When in Rome: Our Food Editor's Simple Italian Menu
Here's how to entertain like the Romans, with easy, elegant dishes.
Rome is our deputy food editor Greg Loft's absolute favorite city. Here, he shares a few elemental lessons of the Italian table, as well as some of his favorite dishes inspired by the Eternal City. Their splendid simplicity is timeless, and you can re-create them no matter where you live.
In Rome, it's customary to offer only one or two antipasti -- in this menu, hard-cooked eggs with a rich yet light sauce are all you need.
Romans enjoy a small portion of pasta every day, and they prefer it cooked very al dente, about two minutes less than called for in most package instructions. The chewy texture is a wonderful foil for rich, velvety chicken livers.
Artichokes braised alla Romana (in olive oil) until tender are even better when made in the morning and reheated just before dinner.
Pork scaloppine cooks quickly, even when you factor in making a pan sauce that adds finesse as well as flavor. You'll have plenty of time, then, to prepare the artichokes, wash the arugula, and open a bottle of wine.
Cooks in the know rely on a bitter or peppery green, such as arugula, to offset full-flavored meats.
Before serving, drizzle a savory dish with good olive oil to add freshness.

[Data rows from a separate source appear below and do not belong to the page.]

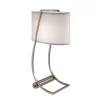Tischlampen|Schlafzimmer Lampen*Elstead Tischlampe FEDELE Creme H:62cm Modern Bodenlampe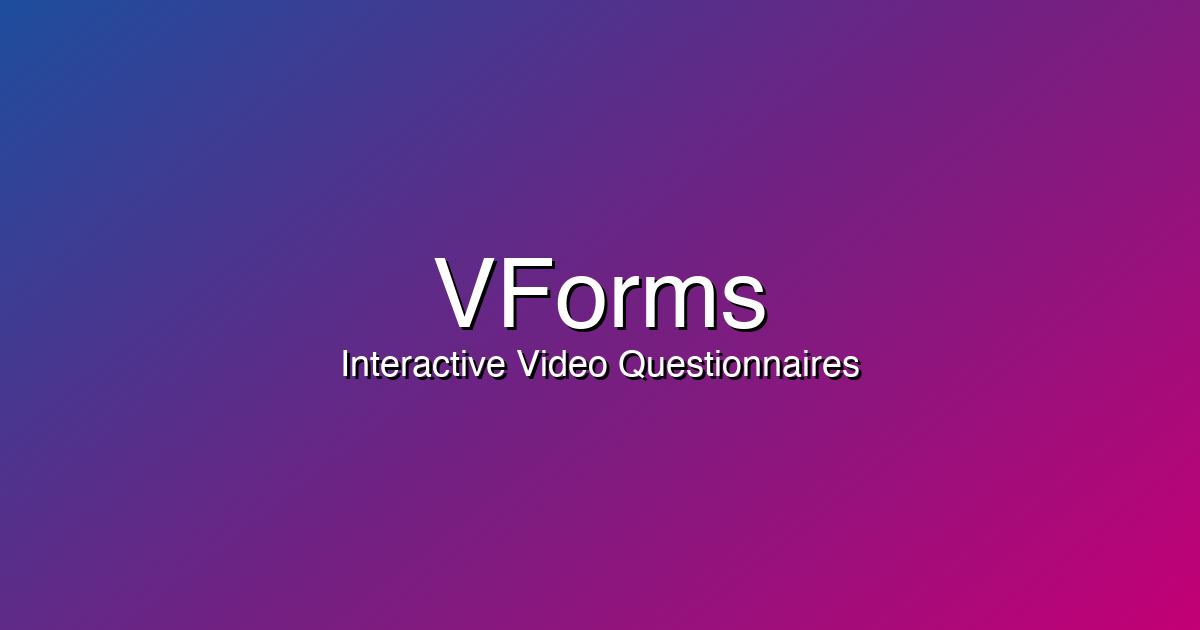 Video Forms logo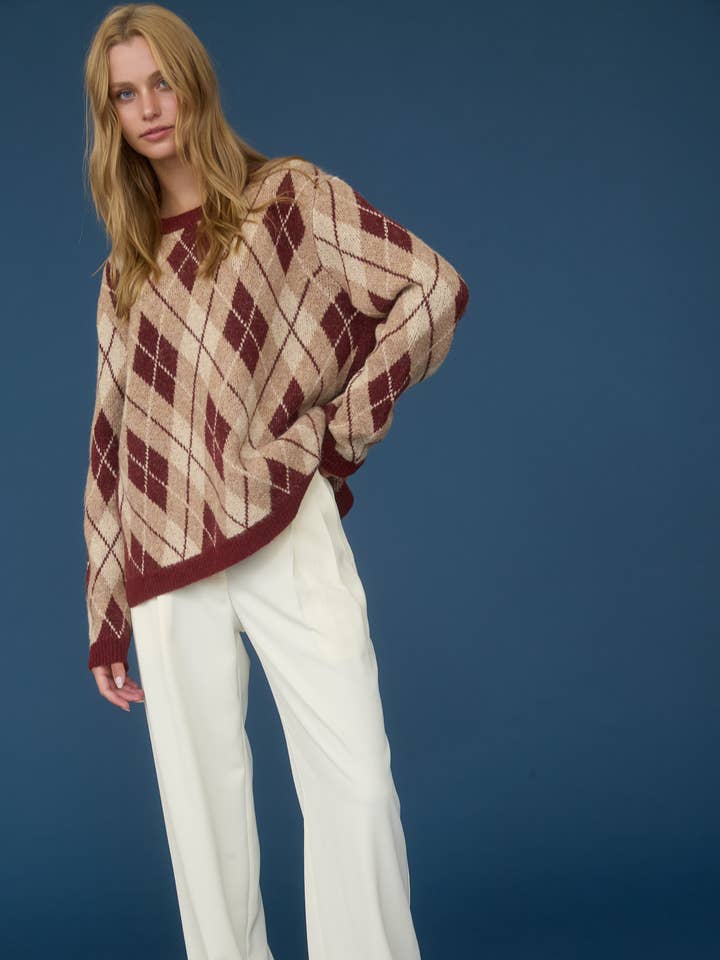 GEPLOOIDE JURKBROEK MET HOGE TAILLE EN WIJDE PIJPEN voor wholesale door The Workshop Studio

One of our favorites, Paesano, is from Sicily.
LA DOLCE VITA
Americans tend to think of dessert as the crowning moment of a meal or a guilty indulgence. But in Rome, it is seen as an opportunity to bring together a few choice elements instead of as a reason to work hard. So gather your favorite nuts and biscotti or other simple cookies. Add whatever seasonal fruit you have on hand, and include refreshing scoops of store-bought sorbetto. A single shot of hot espresso or a small glass of ice-cold limoncello after dinner is good for the digestion -- perhaps, in part, because it is such a civilized way to end the day.